Solving Complex Problems

I have a new quote on my wall:

"New hires tend to want to do complex things, but we know complex things break in complex ways. The veterans want simple designs, with simple interfaces and simple constructs that are easy to understand and debug and easy to put back together after they break."

"The best advice is just basically to keep everything as simple as possible—simple processes, simple SKUs, simple engineering. These systems get to be very big very fast. I don’t think there’s really any one particularly hard, gnarly problem, but when you add them all up, there are lots and lots of little problems. As long as you can keep each of those pieces simple, that seems to be the key. It’s more of a philosophy, I think, than anything else."

— Phil Smoot, Product Manager for Hotmail

The full interview with Phil can be found here.

If you tackle every problem with the belief that there is a simple solution, you will usually find one.  Sometimes to solve a complex problem you just need to piece together several individual simple solutions.

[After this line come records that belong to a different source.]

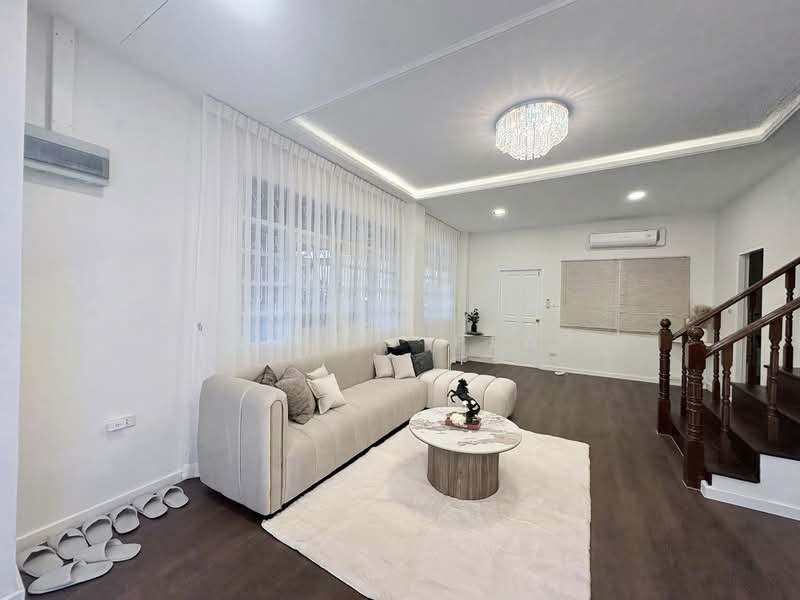 3-Story Townhouse for Rent in the Heart of Mengjai Intersection, Ready to Move In (SPSAD4018), Bangkok, Samsen Nok, Huai Khwang, Bangkok, 4 Bedrooms, 400 sqm, Townhouse For Rent, by Agent Pla, 500343486 - DDproperty.com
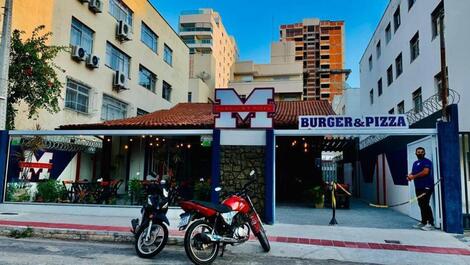 Apartamento 3 Dormitorios 3 Baños Medio de Praia do Morro Aire Wi-Fi Vacante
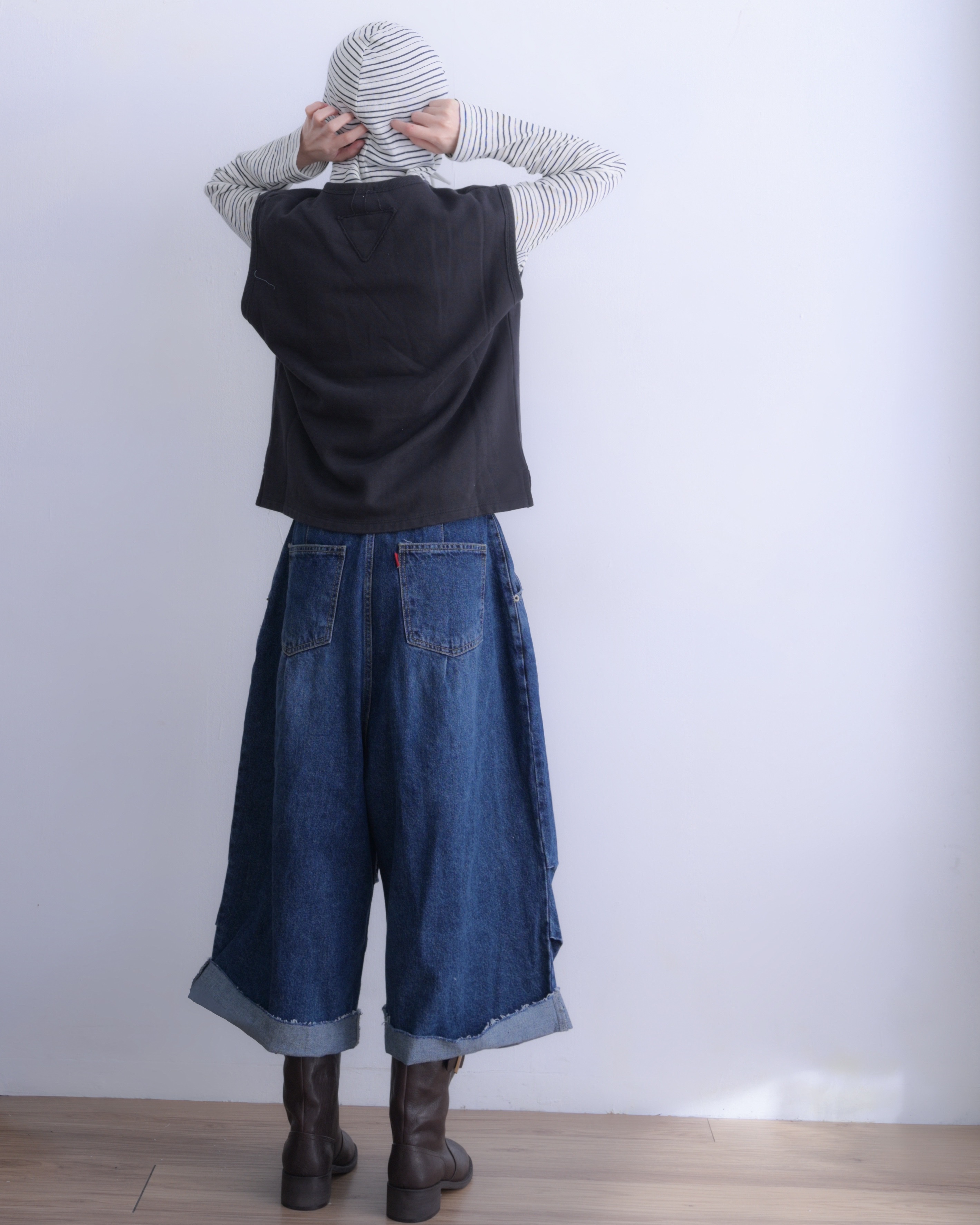 韓 腰釦刷色牛仔寬褲 size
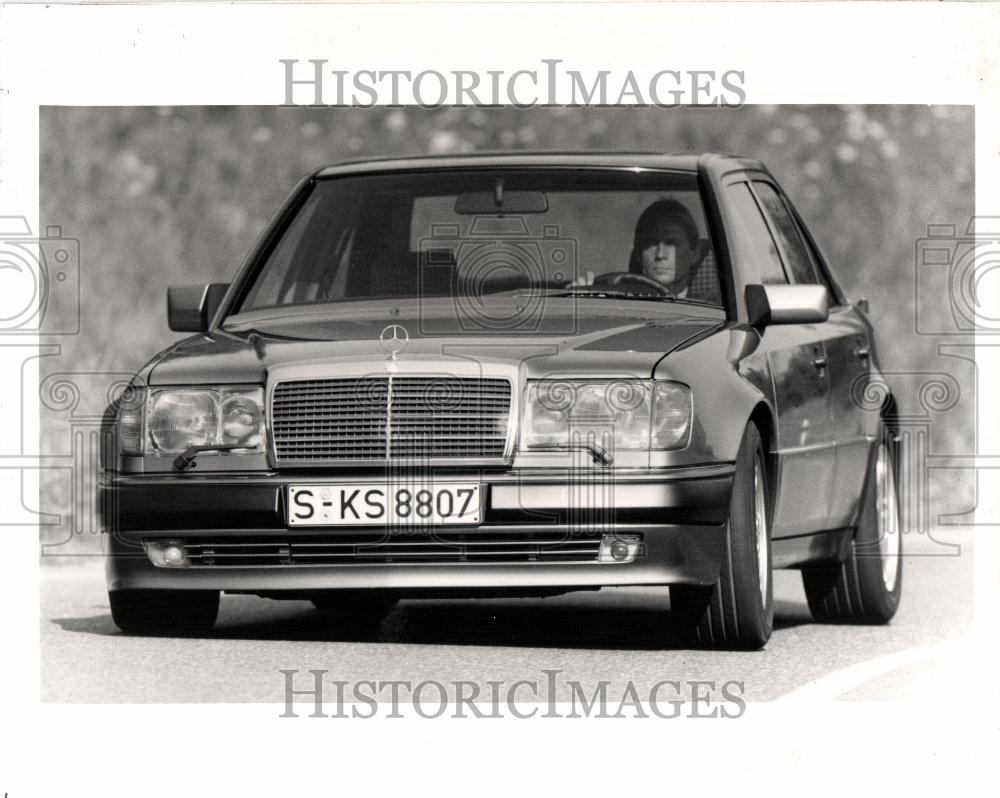 1991 Press Photo Mercedes-Benz 500E 1992 North American - Historic Images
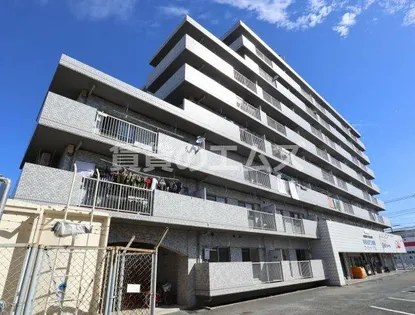 グルーリャ大和【3階】の外観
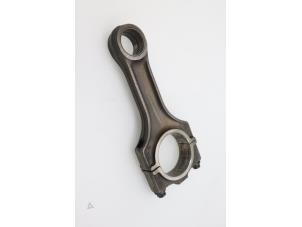 Używane Korbowód Opel Omega B (25/26/27) 2.5 TD Cena € 90,75 Z VAT oferowane przez Brus Motors BV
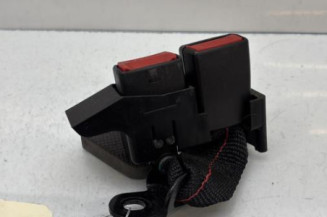 Attache ceinture arriere droit RENAULT CLIO 3 Photo n°1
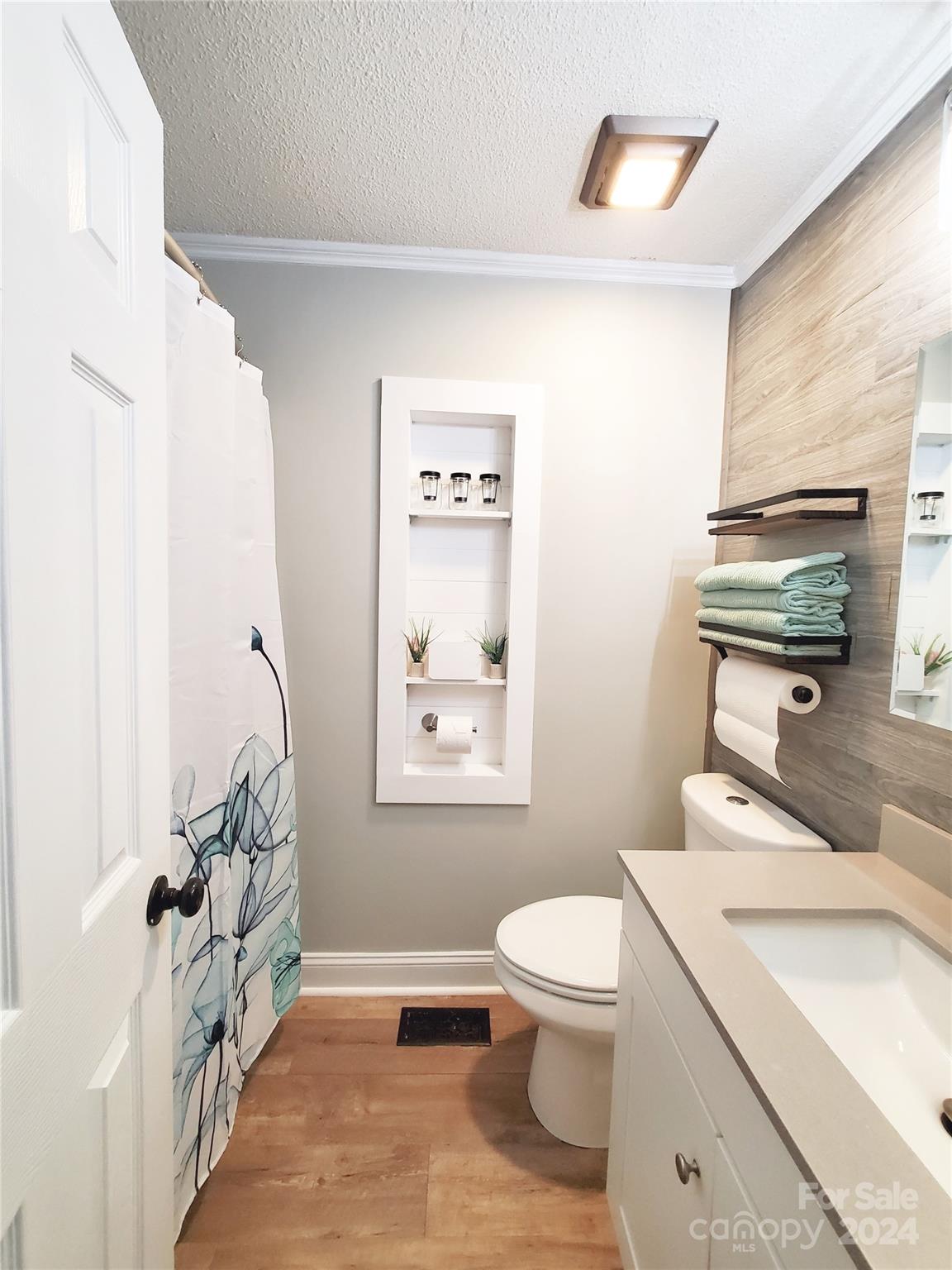 1616 Home Trail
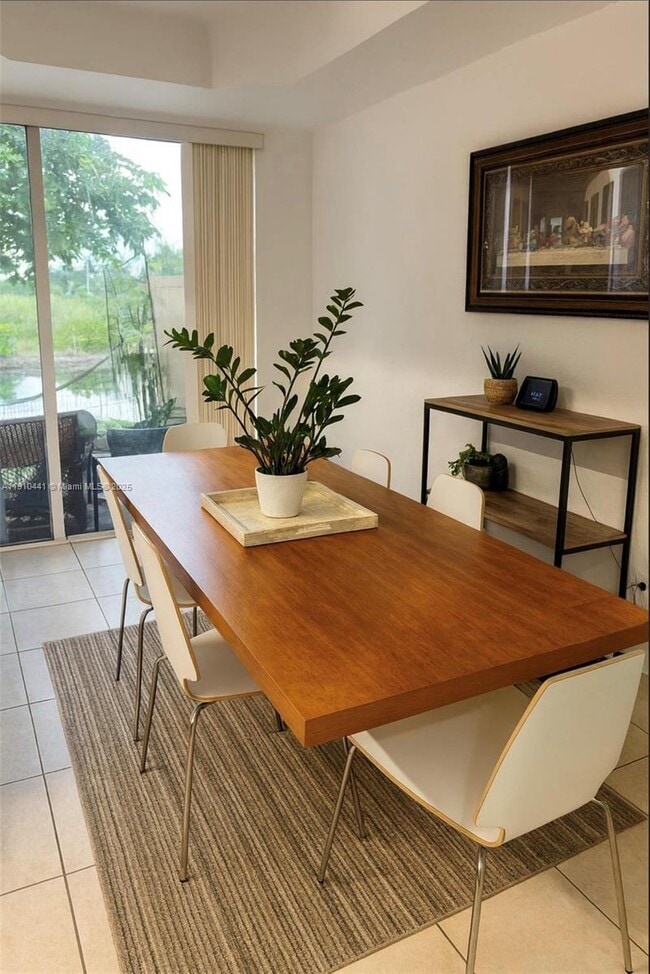 1002 SW 144th Ave in Pembroke Pines, FL - Building Photo - Building Photo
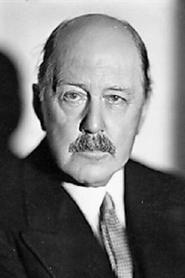 Frederick Kerr as Baron Frankenstein in Frankenstein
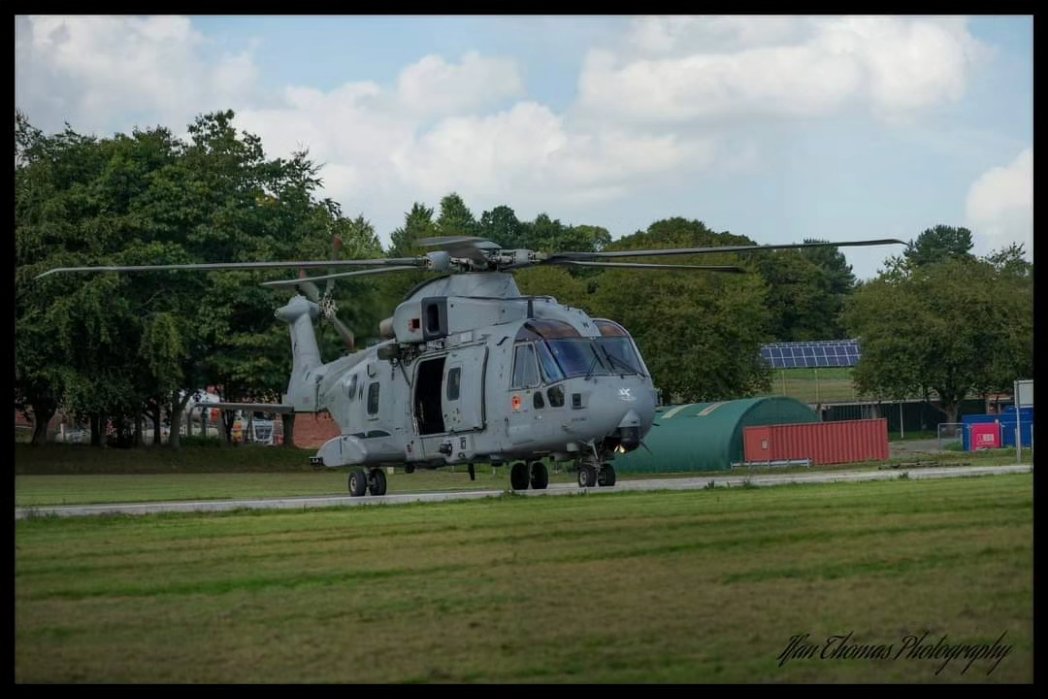 Wildcat MARINE11 and Merlin COMMANDO28 into Sennybridge camp for refueling today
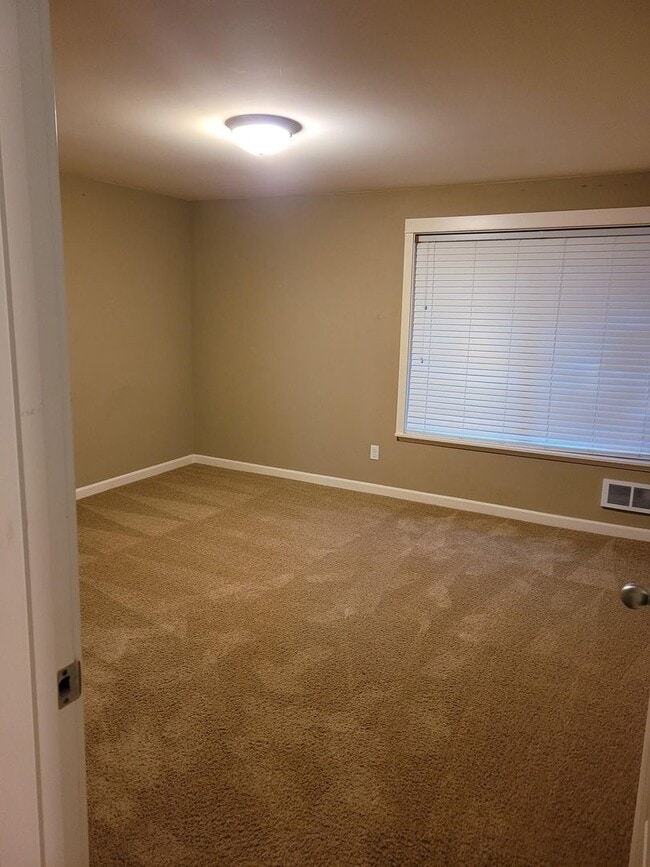 Building Photo - Stunning 2 Bed 2 Bath View Condo in Downto...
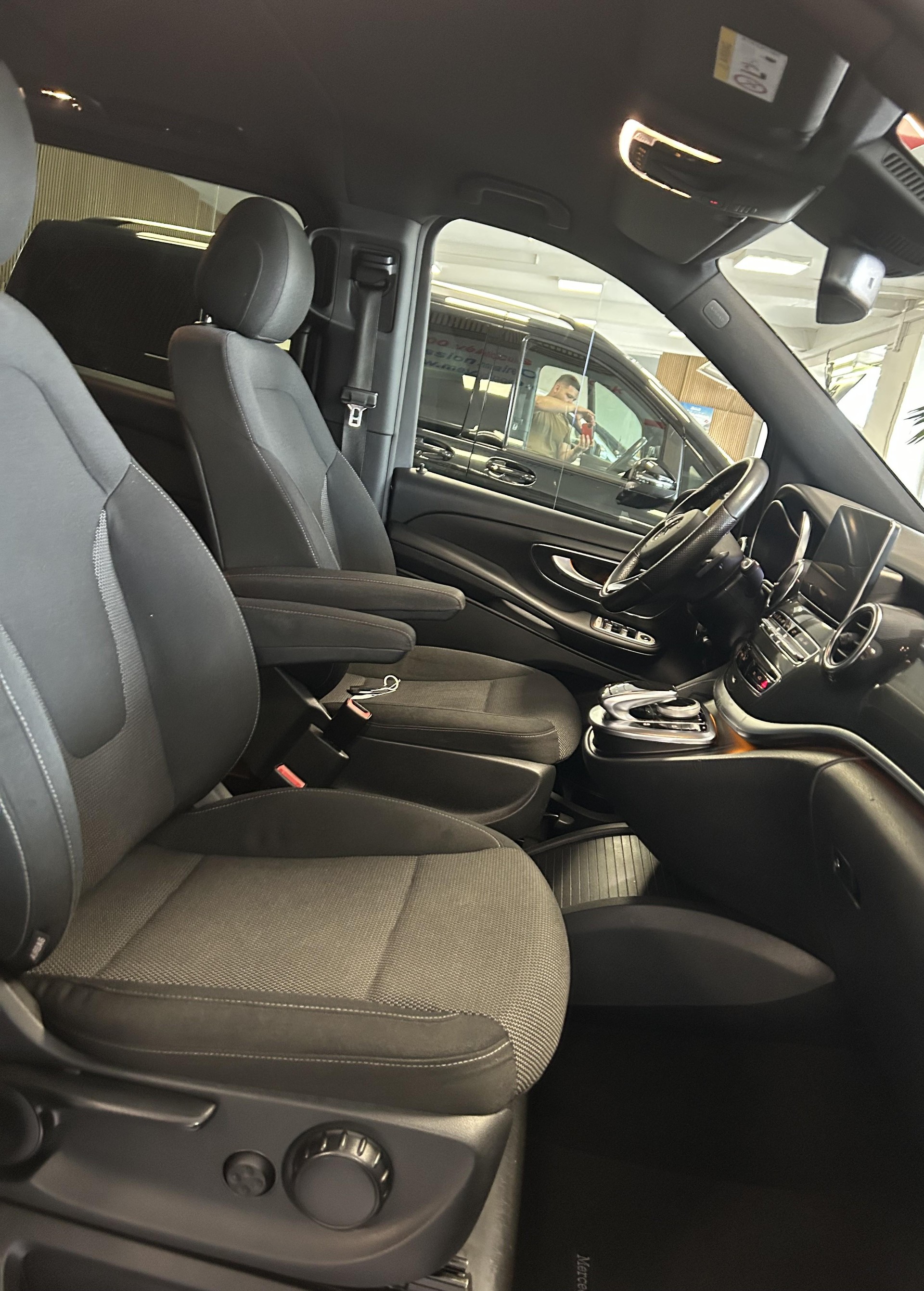 MERCEDES-BENZ V 250 d BlueTec lang 4matic Van 7 PLACES/7PLATZ-image-16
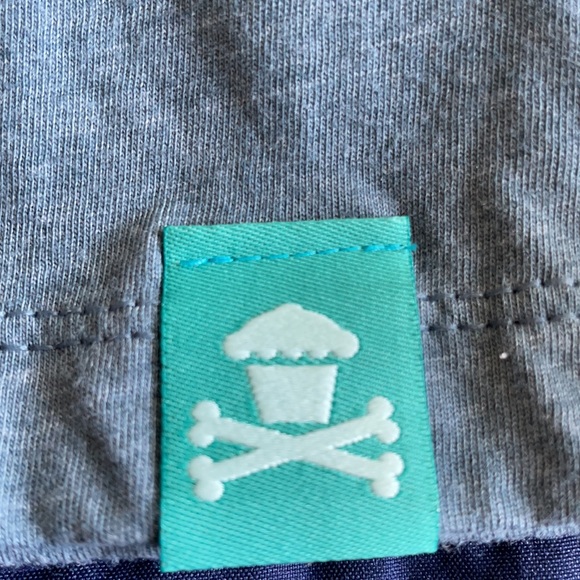 Johnny Cupcakes Seashell top - Picture 5 of 6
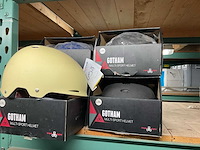 Gotham skate helm (4x) - afbeelding 1 van  1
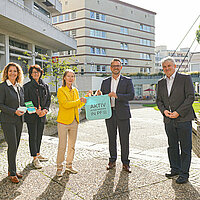 Übergabe erstes Seniorenbegrüßungspaket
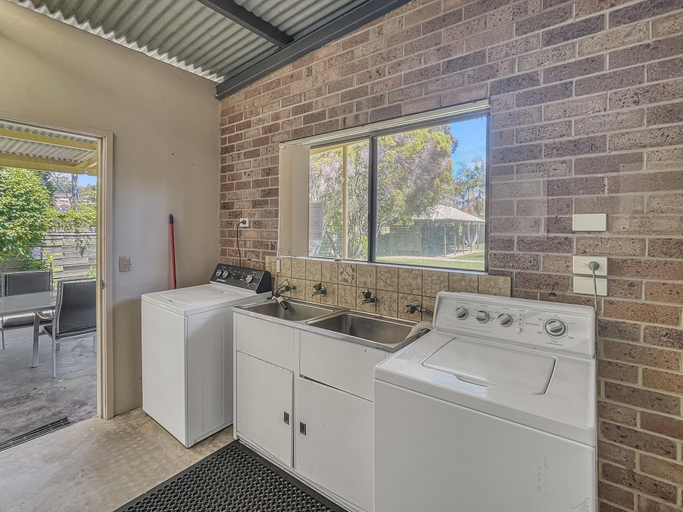 Bathroom 5, Beachside Apartment Overlooking Casey’s Beach, Eurobodalla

2 thoughts on “Solving Complex Problems

  1. Vinny

    Well what happened if you already build an overly complex system base on inexperience when you first started, and now a few years down the road you’re stuck with it?
    Start gutting and start from scratch?

  2. Bill Boebel

    Don’t rewrite it unless it is irreversibly broken, which it probably isn’t. And keep everything else you do from here on out simple.
    If it is broken, consider replacing individual parts of the system one at a time with something better, rather than rebuilding an entire new system from scratch. Your new system probably won’t be perfect either.